| INPUT |
==============================

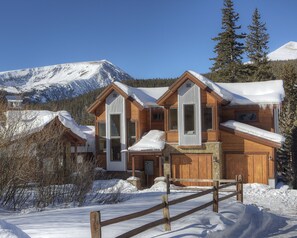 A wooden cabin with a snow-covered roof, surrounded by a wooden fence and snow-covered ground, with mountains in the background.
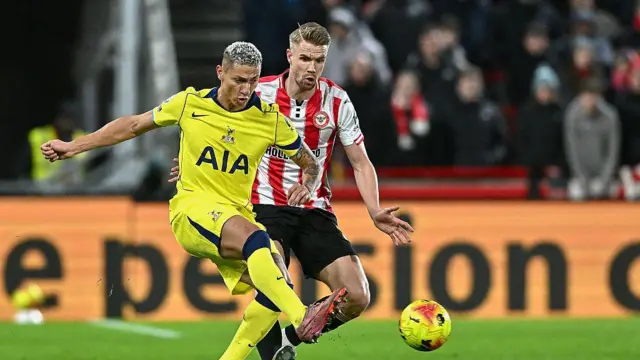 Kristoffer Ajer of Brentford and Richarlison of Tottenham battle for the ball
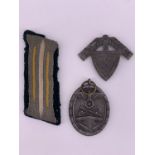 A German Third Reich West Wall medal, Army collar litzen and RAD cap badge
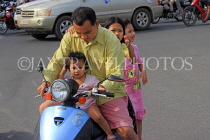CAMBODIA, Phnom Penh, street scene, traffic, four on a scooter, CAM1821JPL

==============================

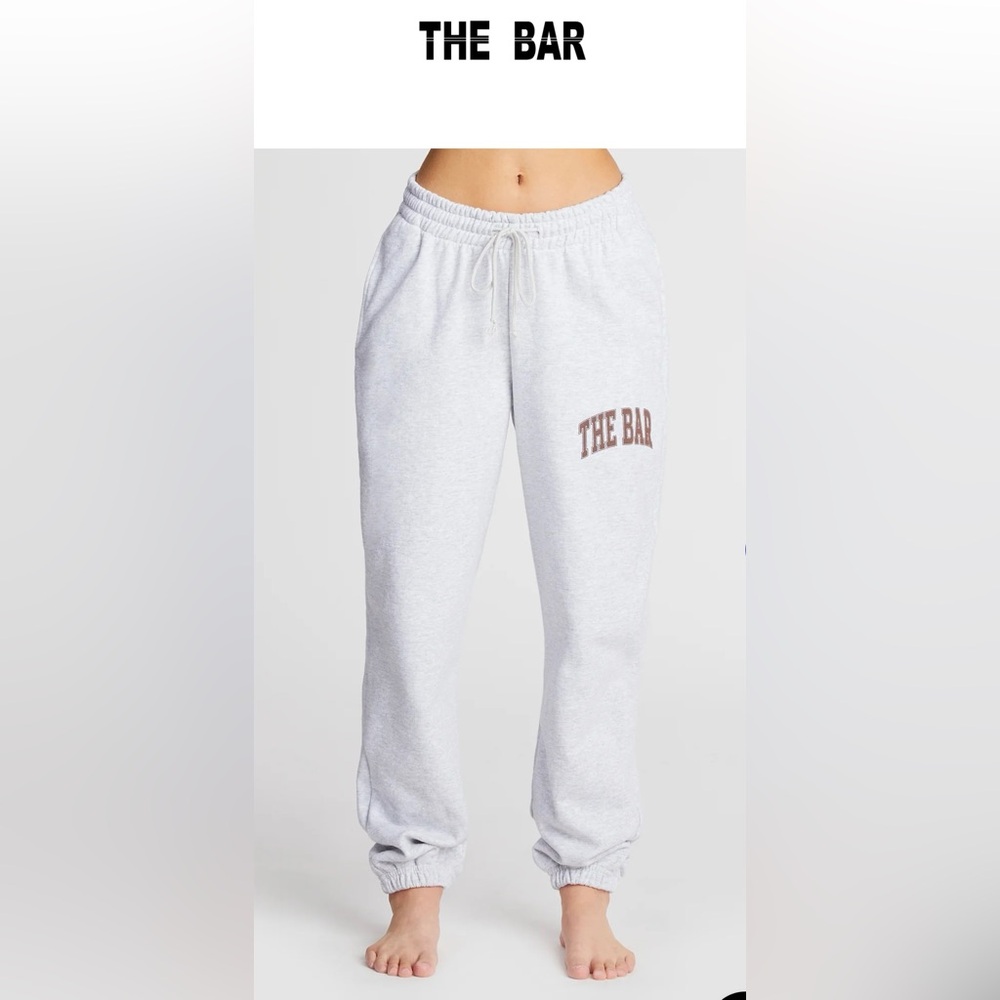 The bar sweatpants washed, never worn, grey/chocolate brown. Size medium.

==============================

Copy word for word the lines above, starting at the line containing "A wooden cabin" and ending at the line containing "CAMBODIA, Phnom Penh, street", inclusive, with no pictures.

 A wooden cabin with a snow-covered roof, surrounded by a wooden fence and snow-covered ground, with mountains in the background.
 Kristoffer Ajer of Brentford and Richarlison of Tottenham battle for the ball
 A German Third Reich West Wall medal, Army collar litzen and RAD cap badge
CAMBODIA, Phnom Penh, street scene, traffic, four on a scooter, CAM1821JPL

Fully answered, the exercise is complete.